Hernia Nukleus Pulposus bisa ke korpus vertebra diatas atau bawahnya, bisa juga langsung ke kanalis vertebralis.
HNP (Hernia Nukleus Pulposus) yaitu : keluarnya nucleus pulposus dari discus melalui robekan annulus fibrosus keluar ke belakang/dorsal menekan medulla spinalis atau mengarah ke dorsolateral menakan saraf spinalis sehingga menimbulkan gangguan
Hernia Nukleus Pulposus (HNP) adalah penonjolan diskus inter vertabralis dengan piotusi dan nukleus kedalam kanalis spinalis pumbalis mengakibatkan penekanan pada radiks atau cauda equina.

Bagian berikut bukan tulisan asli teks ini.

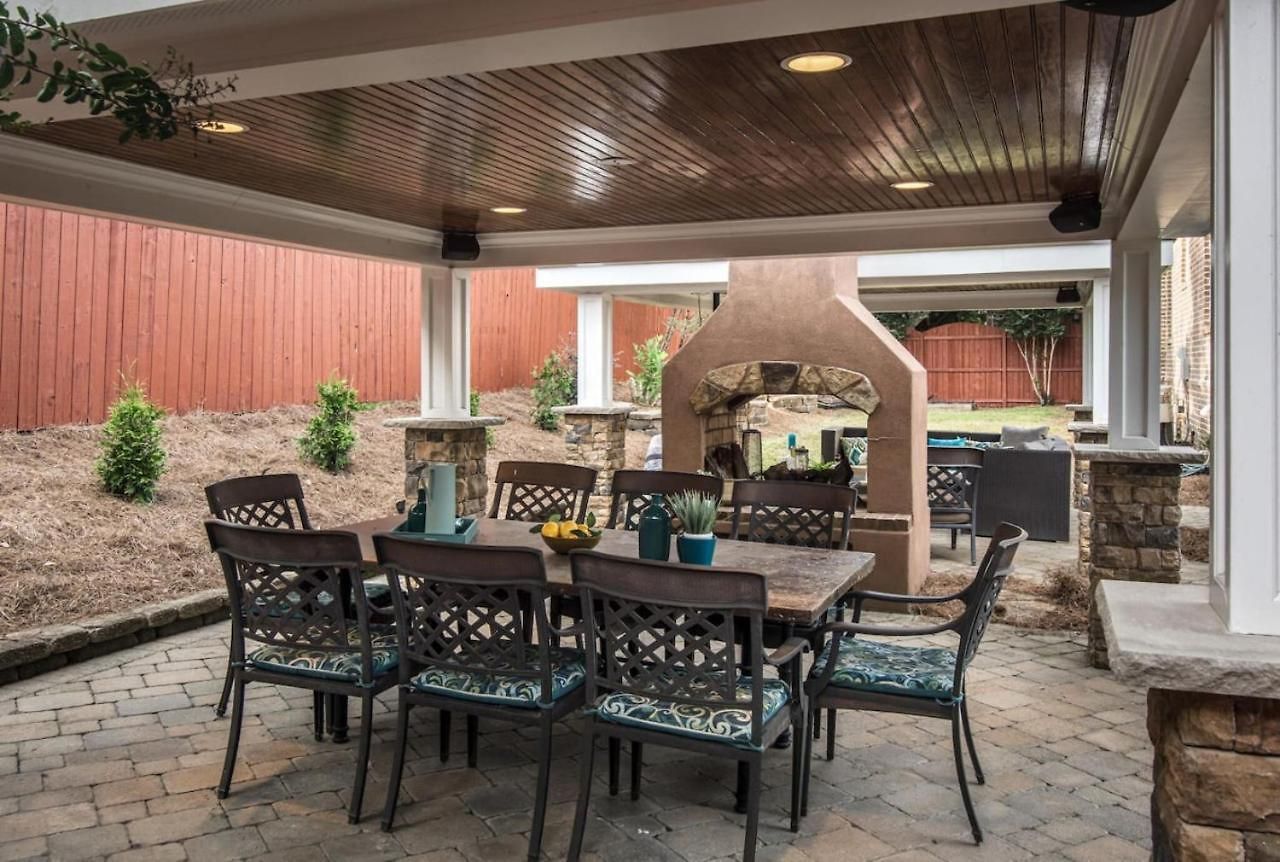 Luxe Large With Movie Room, Hot Tub, Garage Nashville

HNP adalah suatu penekanan pada suatu serabut saraf spinal akibat dari herniasi dan nucleus hingga annulus, salah satu bagian posterior atau lateral

2. Anatomi Fisiologi

Columna vertebralis adalah pilar utama tubuh. Merupakan struktur fleksibel yang dibentuk oleh tulang-tulang tak beraturan, disebut vertebrae.
Vertebrae dikelompokkan sebagai berikut :
–     Cervicales (7)
–         Thoracicae (12)
–         Lumbales (5)
–         Sacroles (5, menyatu membentuk sacrum)
–         Coccygeae (4, 3 yang bawah biasanya menyatu)
Tulang vertebrae ini dihubungkan satu sama lainnya oleh ligamentum dan tulang rawan.
Bagian anterior columna vertebralis terdiri dari corpus vertebrae yang dihubungkan satu sama lain oleh diskus fibrokartilago yang disebut discus invertebralis dan diperkuat oleh ligamentum longitudinalis anterior dan ligamentum longitudinalis posterior.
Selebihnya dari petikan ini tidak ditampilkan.